▸ **Problem to work on**
Only the pictures should be left out; write out all other data exactly.

▸ **Records provided**
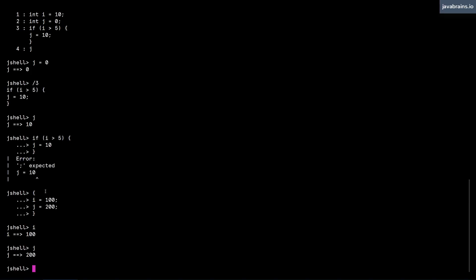So you have this option of opening a block of code, typing in all the statements, and they wouldn't be executed until you close that curly brace and hit enter. So there are slight deviations from the way you run single line statements, but it's important to remember when you're running a block of code like this.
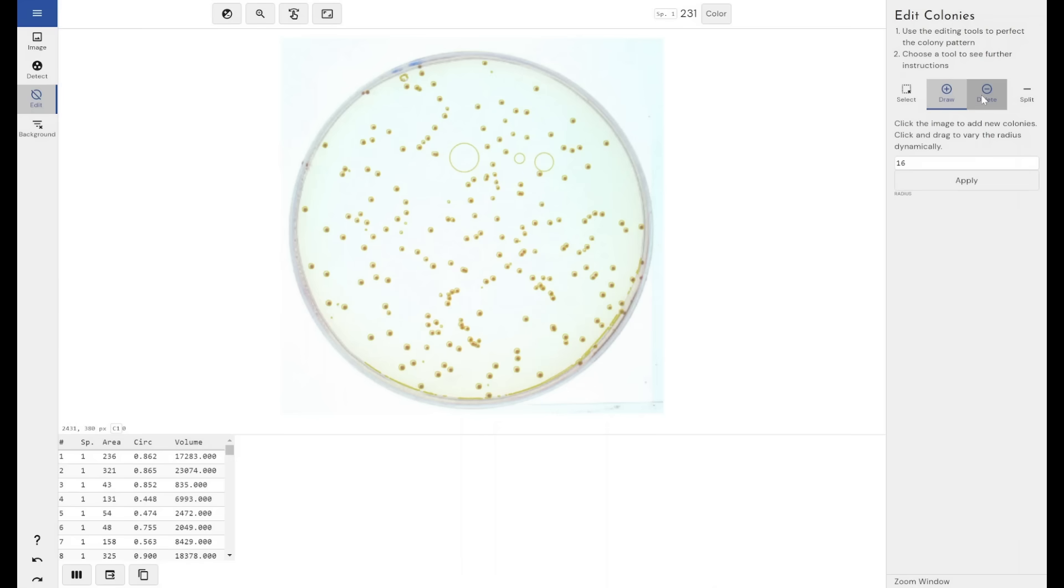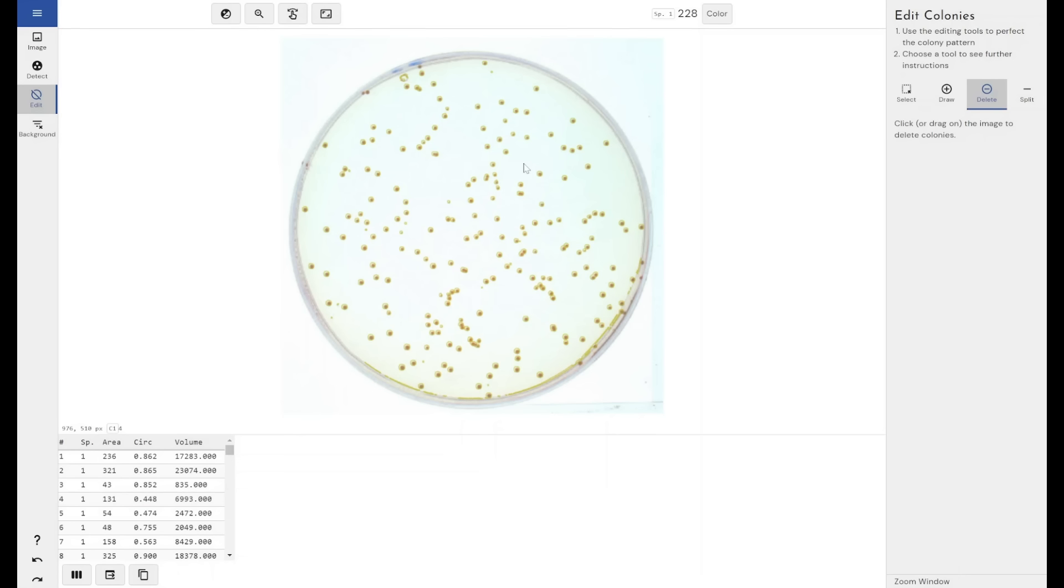And you can delete colonies. If the automatic detection algorithm has detected a piece of debris on your plate or some writing, you can easily come through and delete those from your analysis.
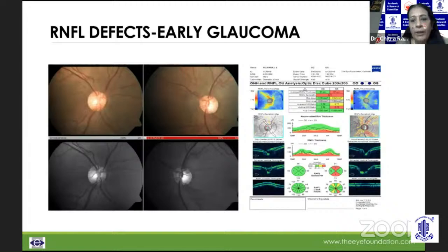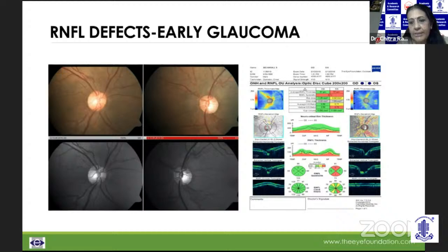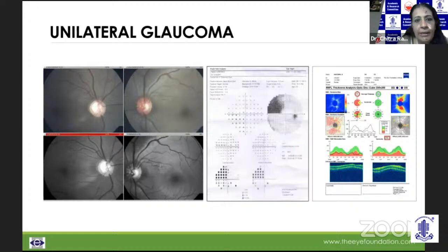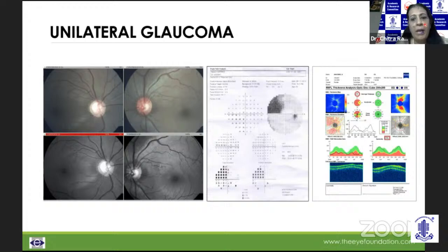If you look at this, this is an early glaucoma with a typical inferior RNFL defect in red-free light, and the OCT confirms an inferior RNFL defect — that corroborates the story. This is again a case of unilateral glaucoma with that RNFL defect seen inferiorly, and that superior field effect which tells us we are looking at glaucoma.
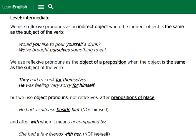We use reflexive pronouns as an indirect object when the indirect object is the same as the subject of the verb. For example: 'Would you like to pour yourself a drink?' 'We've bought ourselves something to eat.'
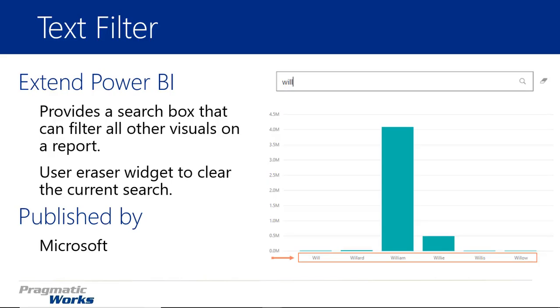Now the text filter is a nice little add-in for your reports. What it does is it provides you a search box that allows you to filter all of the other visuals on your report by simply typing in a value. The example you're seeing on the right hand side is a column chart on the bottom, just a regular old Power BI column chart. And on the top, you're seeing the text filter, which is just a text box that you can type in values, and based on what you type in there, it'll filter every item that you have inside of your report based on the field you provide.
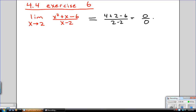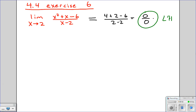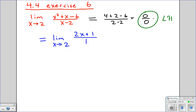That's 0 over 0, so we can use L'Hôpital's rule. L'Hôpital's rule says we can take the derivative of both the top and the bottom. On top we'll get 2x plus 1. On the bottom our derivative will just be 1. And if you plug in a 2 now, on top you'll get 4 plus 1, and on the bottom you get 1. And so that just gives us 5.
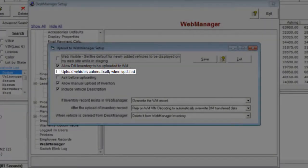Our next option is to allow vehicles to be automatically uploaded when updated. Check this checkbox if you would like Desk Manager to automatically upload your vehicles to Web Manager when you add new vehicles or edit existing vehicles.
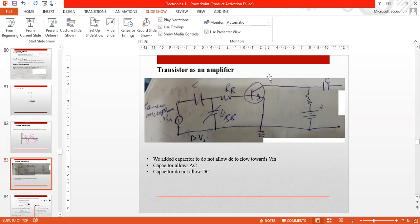As we discussed the transistor as a switch last time, what we need to do is provide our input signal. It can be our camera, it can be a microphone. When we speak during a lecture or in some place, we have a microphone. Our voice can be amplified.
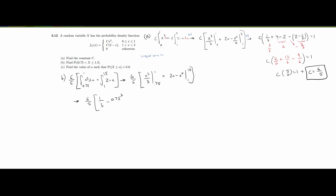Now we plug everything in. We have (6/5) times [1 over 3 minus 0.75 cubed over 3, plus (2 times 1.5 minus 1.5 squared over 2) minus (2 minus 1 half)]. We can plug all of this into a calculator, and this gives us 0.68125. So that's how we solve part b.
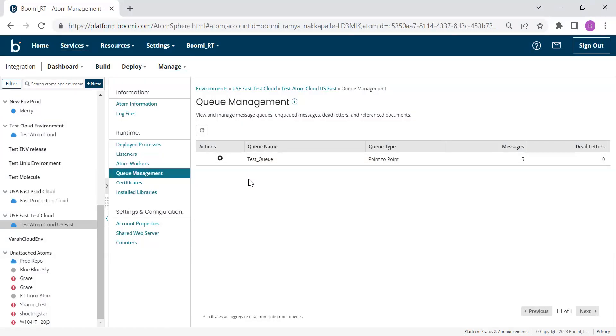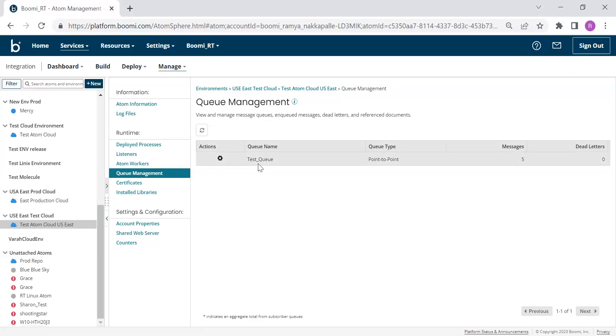Once this is loaded, we can see the messages. As you can see, we have five messages in the Queue Test_Queue.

▸ **Reply**
So you have this option of opening a block of code, typing in all the statements, and they wouldn't be executed until you close that curly brace and hit enter. So there are slight deviations from the way you run single line statements, but it's important to remember when you're running a block of code like this.
And you can delete colonies. If the automatic detection algorithm has detected a piece of debris on your plate or some writing, you can easily come through and delete those from your analysis.
If you look at this, this is an early glaucoma with a typical inferior RNFL defect in red-free light, and the OCT confirms an inferior RNFL defect — that corroborates the story. This is again a case of unilateral glaucoma with that RNFL defect seen inferiorly, and that superior field effect which tells us we are looking at glaucoma.
We use reflexive pronouns as an indirect object when the indirect object is the same as the subject of the verb. For example: 'Would you like to pour yourself a drink?' 'We've bought ourselves something to eat.'
Now the text filter is a nice little add-in for your reports. What it does is it provides you a search box that allows you to filter all of the other visuals on your report by simply typing in a value. The example you're seeing on the right hand side is a column chart on the bottom, just a regular old Power BI column chart. And on the top, you're seeing the text filter, which is just a text box that you can type in values, and based on what you type in there, it'll filter every item that you have inside of your report based on the field you provide.
That's 0 over 0, so we can use L'Hôpital's rule. L'Hôpital's rule says we can take the derivative of both the top and the bottom. On top we'll get 2x plus 1. On the bottom our derivative will just be 1. And if you plug in a 2 now, on top you'll get 4 plus 1, and on the bottom you get 1. And so that just gives us 5.
Our next option is to allow vehicles to be automatically uploaded when updated. Check this checkbox if you would like Desk Manager to automatically upload your vehicles to Web Manager when you add new vehicles or edit existing vehicles.
As we discussed the transistor as a switch last time, what we need to do is provide our input signal. It can be our camera, it can be a microphone. When we speak during a lecture or in some place, we have a microphone. Our voice can be amplified.
Now we plug everything in. We have (6/5) times [1 over 3 minus 0.75 cubed over 3, plus (2 times 1.5 minus 1.5 squared over 2) minus (2 minus 1 half)]. We can plug all of this into a calculator, and this gives us 0.68125. So that's how we solve part b.
Once this is loaded, we can see the messages. As you can see, we have five messages in the Queue Test_Queue.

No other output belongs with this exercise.